Using the records below, write out again exactly the lines that begin at the line containing "Моторчик заслонки печки" and end at the line containing "Natuzzi Editions Leather", and no other lines.

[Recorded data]
########

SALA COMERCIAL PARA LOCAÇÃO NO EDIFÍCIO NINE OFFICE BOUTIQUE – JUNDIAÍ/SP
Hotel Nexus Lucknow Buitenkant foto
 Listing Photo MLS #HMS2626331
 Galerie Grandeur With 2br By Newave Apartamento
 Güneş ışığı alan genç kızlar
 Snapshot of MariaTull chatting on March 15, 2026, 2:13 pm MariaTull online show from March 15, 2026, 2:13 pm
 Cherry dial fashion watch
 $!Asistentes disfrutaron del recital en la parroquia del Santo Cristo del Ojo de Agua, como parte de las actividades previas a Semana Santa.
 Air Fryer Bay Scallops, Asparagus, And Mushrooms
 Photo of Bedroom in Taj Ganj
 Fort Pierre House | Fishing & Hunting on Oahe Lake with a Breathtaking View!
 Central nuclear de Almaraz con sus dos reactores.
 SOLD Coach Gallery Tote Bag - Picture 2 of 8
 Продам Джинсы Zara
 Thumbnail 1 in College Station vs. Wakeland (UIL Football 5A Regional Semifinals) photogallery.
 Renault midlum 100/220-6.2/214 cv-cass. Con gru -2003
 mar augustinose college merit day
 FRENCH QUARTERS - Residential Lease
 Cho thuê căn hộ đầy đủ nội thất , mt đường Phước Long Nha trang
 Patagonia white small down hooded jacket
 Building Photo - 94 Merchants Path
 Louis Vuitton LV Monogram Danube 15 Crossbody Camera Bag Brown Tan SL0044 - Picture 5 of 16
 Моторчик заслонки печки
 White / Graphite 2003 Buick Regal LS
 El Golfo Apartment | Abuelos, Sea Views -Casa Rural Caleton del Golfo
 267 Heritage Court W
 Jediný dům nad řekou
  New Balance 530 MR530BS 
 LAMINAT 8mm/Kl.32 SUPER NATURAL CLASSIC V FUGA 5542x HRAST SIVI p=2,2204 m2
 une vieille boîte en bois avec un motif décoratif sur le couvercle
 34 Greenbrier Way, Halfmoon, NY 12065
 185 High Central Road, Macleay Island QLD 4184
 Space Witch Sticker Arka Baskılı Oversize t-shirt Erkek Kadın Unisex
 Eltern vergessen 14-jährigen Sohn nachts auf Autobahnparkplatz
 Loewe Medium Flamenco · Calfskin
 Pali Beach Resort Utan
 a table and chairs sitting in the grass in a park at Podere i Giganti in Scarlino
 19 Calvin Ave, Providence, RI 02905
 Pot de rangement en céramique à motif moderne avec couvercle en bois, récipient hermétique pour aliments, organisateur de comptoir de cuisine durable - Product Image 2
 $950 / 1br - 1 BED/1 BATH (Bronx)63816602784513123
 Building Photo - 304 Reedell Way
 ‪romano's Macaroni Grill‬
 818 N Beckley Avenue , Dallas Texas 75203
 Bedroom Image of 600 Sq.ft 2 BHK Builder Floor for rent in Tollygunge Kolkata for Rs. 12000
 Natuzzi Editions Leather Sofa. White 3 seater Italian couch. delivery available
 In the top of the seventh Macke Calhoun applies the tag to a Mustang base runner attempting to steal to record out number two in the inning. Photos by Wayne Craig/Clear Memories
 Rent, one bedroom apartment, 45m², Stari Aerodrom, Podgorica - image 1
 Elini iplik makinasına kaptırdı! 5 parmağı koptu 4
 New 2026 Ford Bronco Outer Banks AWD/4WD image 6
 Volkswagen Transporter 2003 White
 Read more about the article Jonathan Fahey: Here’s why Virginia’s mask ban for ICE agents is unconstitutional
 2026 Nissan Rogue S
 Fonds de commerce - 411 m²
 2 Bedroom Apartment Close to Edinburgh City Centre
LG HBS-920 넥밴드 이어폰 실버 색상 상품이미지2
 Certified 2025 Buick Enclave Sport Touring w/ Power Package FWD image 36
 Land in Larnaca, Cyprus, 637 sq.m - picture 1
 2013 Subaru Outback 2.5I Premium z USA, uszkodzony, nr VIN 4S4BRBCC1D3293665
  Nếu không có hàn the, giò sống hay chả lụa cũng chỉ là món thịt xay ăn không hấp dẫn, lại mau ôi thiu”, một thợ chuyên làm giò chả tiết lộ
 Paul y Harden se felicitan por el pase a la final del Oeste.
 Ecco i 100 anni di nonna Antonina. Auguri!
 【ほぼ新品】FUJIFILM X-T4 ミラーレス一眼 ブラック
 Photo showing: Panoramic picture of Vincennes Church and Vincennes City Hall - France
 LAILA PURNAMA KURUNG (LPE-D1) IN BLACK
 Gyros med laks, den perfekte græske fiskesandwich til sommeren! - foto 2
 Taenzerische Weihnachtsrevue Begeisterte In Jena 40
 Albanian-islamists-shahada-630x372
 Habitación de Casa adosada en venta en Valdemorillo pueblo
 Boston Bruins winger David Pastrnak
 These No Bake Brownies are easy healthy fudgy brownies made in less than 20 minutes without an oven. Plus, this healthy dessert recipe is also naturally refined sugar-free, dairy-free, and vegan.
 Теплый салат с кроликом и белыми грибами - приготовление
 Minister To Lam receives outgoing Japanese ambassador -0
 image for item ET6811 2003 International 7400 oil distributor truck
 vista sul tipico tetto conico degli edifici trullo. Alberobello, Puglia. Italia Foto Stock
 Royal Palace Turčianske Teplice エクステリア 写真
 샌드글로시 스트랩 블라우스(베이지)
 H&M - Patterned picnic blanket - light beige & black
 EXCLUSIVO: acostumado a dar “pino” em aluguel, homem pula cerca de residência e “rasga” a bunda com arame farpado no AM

########

(Expected answer):
 Моторчик заслонки печки
 White / Graphite 2003 Buick Regal LS
 El Golfo Apartment | Abuelos, Sea Views -Casa Rural Caleton del Golfo
 267 Heritage Court W
 Jediný dům nad řekou
  New Balance 530 MR530BS 
 LAMINAT 8mm/Kl.32 SUPER NATURAL CLASSIC V FUGA 5542x HRAST SIVI p=2,2204 m2
 une vieille boîte en bois avec un motif décoratif sur le couvercle
 34 Greenbrier Way, Halfmoon, NY 12065
 185 High Central Road, Macleay Island QLD 4184
 Space Witch Sticker Arka Baskılı Oversize t-shirt Erkek Kadın Unisex
 Eltern vergessen 14-jährigen Sohn nachts auf Autobahnparkplatz
 Loewe Medium Flamenco · Calfskin
 Pali Beach Resort Utan
 a table and chairs sitting in the grass in a park at Podere i Giganti in Scarlino
 19 Calvin Ave, Providence, RI 02905
 Pot de rangement en céramique à motif moderne avec couvercle en bois, récipient hermétique pour aliments, organisateur de comptoir de cuisine durable - Product Image 2
 $950 / 1br - 1 BED/1 BATH (Bronx)63816602784513123
 Building Photo - 304 Reedell Way
 ‪romano's Macaroni Grill‬
 818 N Beckley Avenue , Dallas Texas 75203
 Bedroom Image of 600 Sq.ft 2 BHK Builder Floor for rent in Tollygunge Kolkata for Rs. 12000
 Natuzzi Editions Leather Sofa. White 3 seater Italian couch. delivery available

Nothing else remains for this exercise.